In 2007, the first specialised study of unregistered employment or undeclared work in Latvia was published, covering the entire country in terms of occupation, economic sector, region, sex and other aspects. The research concludes that, in 2006, on average 24% of the employed population worked without an employment contract or for undeclared pay. Streamlining the tax system and establishing a coordinating administrative authority are among the study recommendations.

An ‘Assessment of unregistered employment’ is one of 13 projects initiated by the Latvian Ministry of Welfare (Labklājības Ministrija, LM) in the framework of the National Programme on Labour Market Studies, supported by the European Social Fund. The research project was conducted by the University of Latvia (Latvijas Universitāte, LU) in cooperation with the consultancies InMind Ltd (now known as GfK Custom Research Baltic) and Latvijas Fakti Ltd.
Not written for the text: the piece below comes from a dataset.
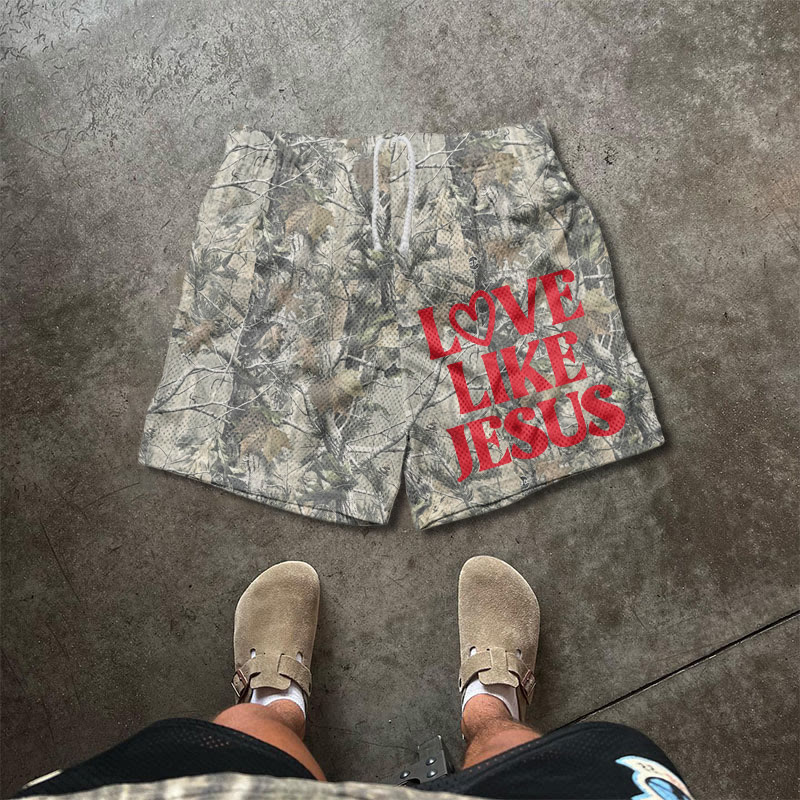 Love Like Jesus Camo Valentine's Day Print Mesh Shorts - Red - 5XL - image 1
Research aim and methodology

The study aimed to assess the prevalence of unregistered employment or undeclared work in Latvia, as well as to identify the underlying reasons for its use and to provide recommendations for reducing the scale of this problem. The study is based on an employer survey (2,502 responses), an employee survey (20,025 respondents) and expert interviews; the research also analysed previous studies, policy documents and legislative acts. The study was carried out between September 2005 and March 2007 and covers the entire country in terms of occupation, economic sector, region, sex and other aspects, such as legal, economic and social factors. The results were published in 2007 in the report Nereģistrētās nodarbinātības novērtējums (in Latvian, 2Mb PDF); an English translation is also available: Assessment of unregistered employment (760Kb WinZip file of a 3.8Mb MS Word doc).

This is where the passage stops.